Mixin has directly integrated social features into the derivative trading environment. Users can create private trading communities and interact around real-time positions:
· End-to-end encrypted private groups supporting up to 1024 members
· End-to-end encrypted voice communication
· One-click position sharing
· One-click trade copying
On the execution side, Mixin aggregates liquidity from multiple sources and accesses decentralized protocol and external market liquidity through a unified trading interface.
By combining social interaction with trade execution, Mixin enables users to collaborate, share, and execute trading strategies instantly within the same environment.
Mixin has also introduced a referral incentive system based on trading behavior:
· Users can join with an invite code
· Up to 60% of trading fees as referral rewards
· Incentive mechanism designed for long-term, sustainable earnings
This model aims to drive user-driven network expansion and organic growth.
Mixin's derivative transactions are built on top of its existing self-custody wallet infrastructure, with core features including:
· Separation of transaction account and asset storage
· User full control over assets
· Platform does not custody user funds
· Built-in privacy mechanisms to reduce data exposure
The system aims to strike a balance between transaction efficiency, asset security, and privacy protection.
Against the background of perpetual contracts becoming a mainstream trading tool, Mixin is exploring a different development direction by lowering barriers, enhancing social and privacy attributes.
The platform does not only view transactions as execution actions but positions them as a networked activity: transactions have social attributes, strategies can be shared, and relationships between individuals also become part of the financial system.
Mixin's design is based on a user-initiated, user-controlled model.

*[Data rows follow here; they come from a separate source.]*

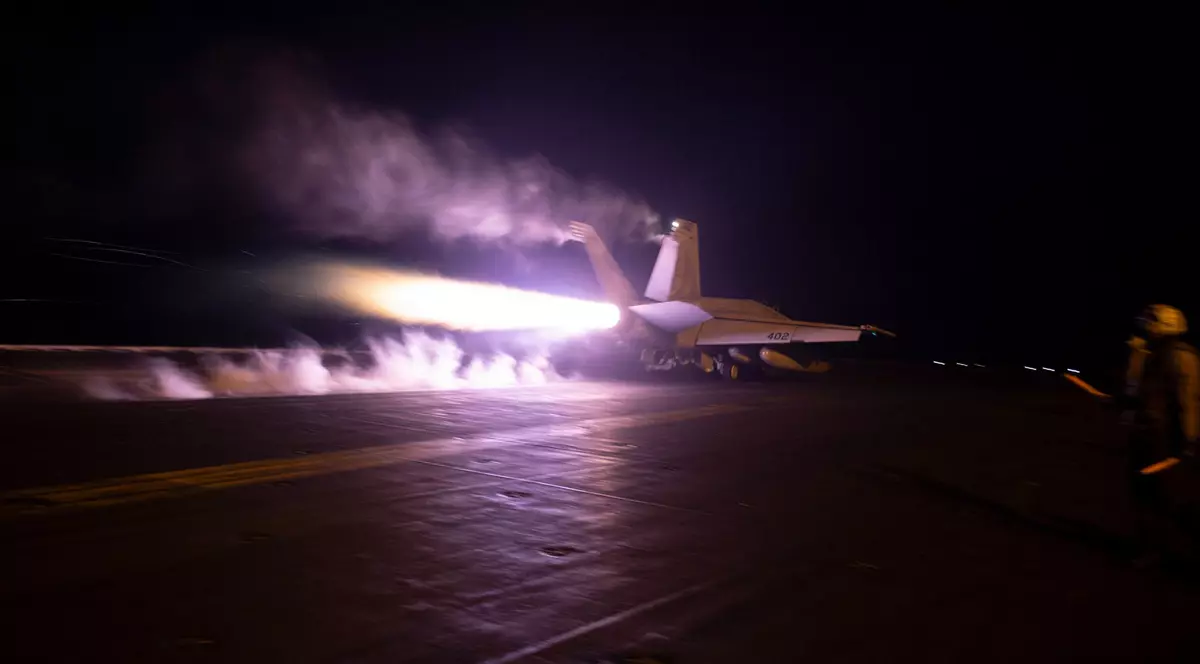 Armata americană a lansat noi lovituri în Yemen, distrugând două rachete anti-navă a rebelilor Houthi
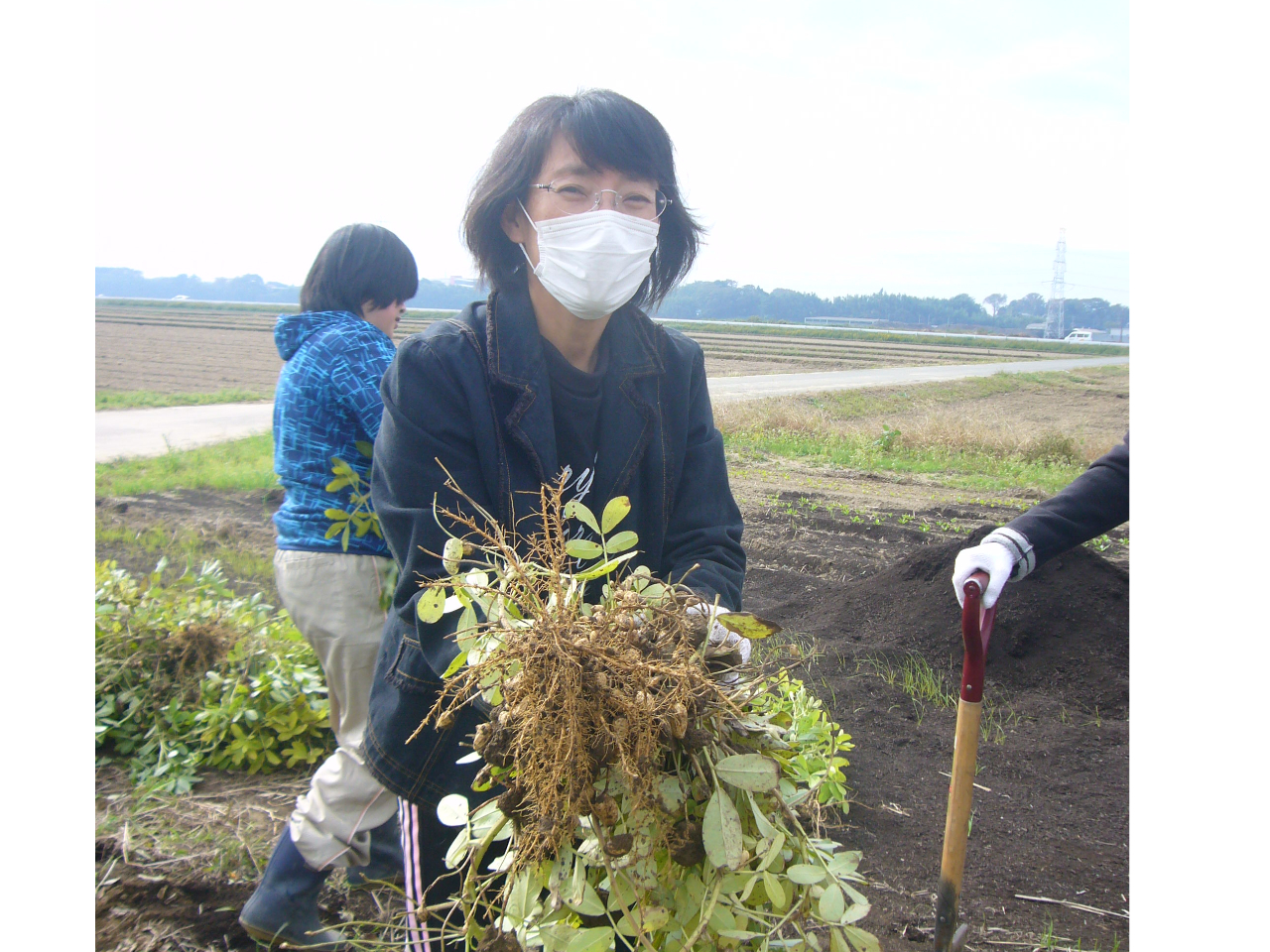 仲間達と楽しく掘れました!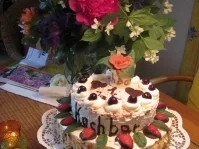 Geburtstagstorte zweistöckig - Joghurt-Schokoladen- Minztorte mit frischen Erdbeeren  & - Rezept - Bild Nr. 16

The platform neither custodies assets nor executes transactions on behalf of users.
This model aligns with a statement issued by the U.S. Securities and Exchange Commission (SEC) on April 13, 2026, titled "Staff Statement on Whether Partial User Interface Used in Preparing Cryptocurrency Securities Transactions May Require Broker-Dealer Registration."
The statement indicates that, under the premise where transactions are entirely initiated and controlled by users, non-custodial service providers that offer neutral interfaces may not need to register as broker-dealers or exchanges.
Mixin is a decentralized, self-custodial privacy wallet designed to provide secure and efficient digital asset management services.
Its core capabilities include:
· Aggregation: integrating multi-chain assets and routing between different transaction paths to simplify user operations
· High liquidity access: connecting to various liquidity sources, including decentralized protocols and external markets
· Decentralization: achieving full user control over assets without relying on custodial intermediaries
· Privacy protection: safeguarding assets and data through MPC, CryptoNote, and end-to-end encrypted communication
Mixin has been in operation for over 8 years, supporting over 40 blockchains and more than 10,000 assets, with a global user base exceeding 10 million and an on-chain self-custodied asset scale of over $1 billion.